Jazz & Literatur in der Künstlerwerkstatt

Das All im Spiegel der Ilm

(Pfaffenhofen, as)

Es war keine gewöhnliche Lesung, die die drei Protagonisten Samstagsabend in der Künstlerwerkstatt abgeliefert haben: Eher sah sich das Publikum mit einem Live-Hörspiel konfrontiert. Dessen Textbasis ist der stream of consciousness von Roland Scheerers „Ilm Tagebüchern“, die im letzten Jahr erschienen sind.

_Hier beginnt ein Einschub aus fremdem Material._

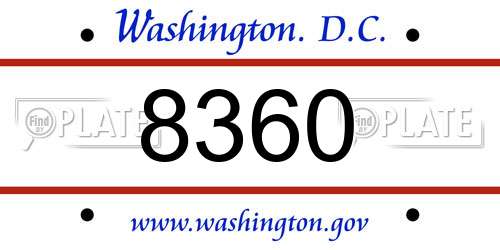 8360 District Of Columbia License Plate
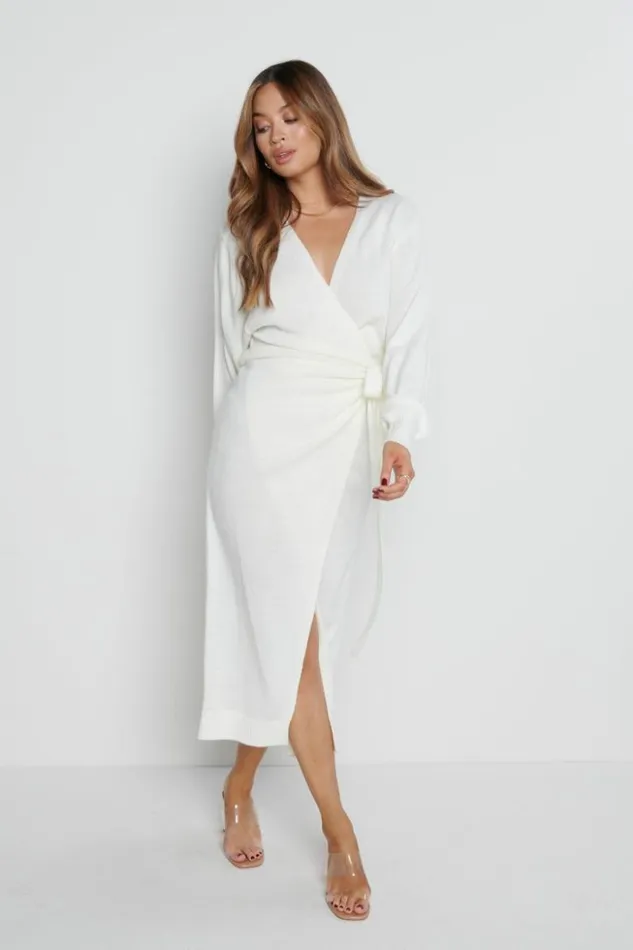 Pretty Lavish Dresses Women Beau Wrap Midi Dress Cream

Der 1974 geborene Autor - Träger des Bayerisch-schwäbischen Literaturpreises und Absolvent des renommierten Münchner Manuskriptum-Seminars - bewegt sich an der Ilm entlang, mal auf dem Fahrrad, mal zu Fuß, buchstäblich auf der Suche nach den Quellen. Das Ergebnis als „Heimatpoesie“ zu bezeichnen, könnte falsche Assoziationen wecken. Immerhin mutet Scheerer den Zuhörern neben Forschungshypothesen zur frührömischen Lyrik und botanischen Klassifikationen ("impatiens glandulifera") immer wieder kosmologische Entfernungsangaben zu; Grundkenntnisse in Zen-Buddhismus werden vorausgesetzt:

"das erlenblatt am grund der ilm ist immer noch es selbst / (...) noch immer hängt es hoch da oben in der welt der menschenworte fest / (...) wenn endlich etwas entstünde das keinen namen mehr hätte".Letztlich ist es die Fülle des Universums, die sich im heimatlichen Fluss spiegelt: "aufgehoben in sonnentransparenz / wanderten die partikel. wanderte die / himalayablüte. durchquerte den auf- / stiegsweg winziger blasen". Dass dies alles zum größeren Teil in den strengen, reimlosen Versformen der Antike daherkommt, kann das Publikum nicht erfassen. Braucht es auch nicht; der Vortrag erinnert ja eher an ein Happening der Beat-Poetry.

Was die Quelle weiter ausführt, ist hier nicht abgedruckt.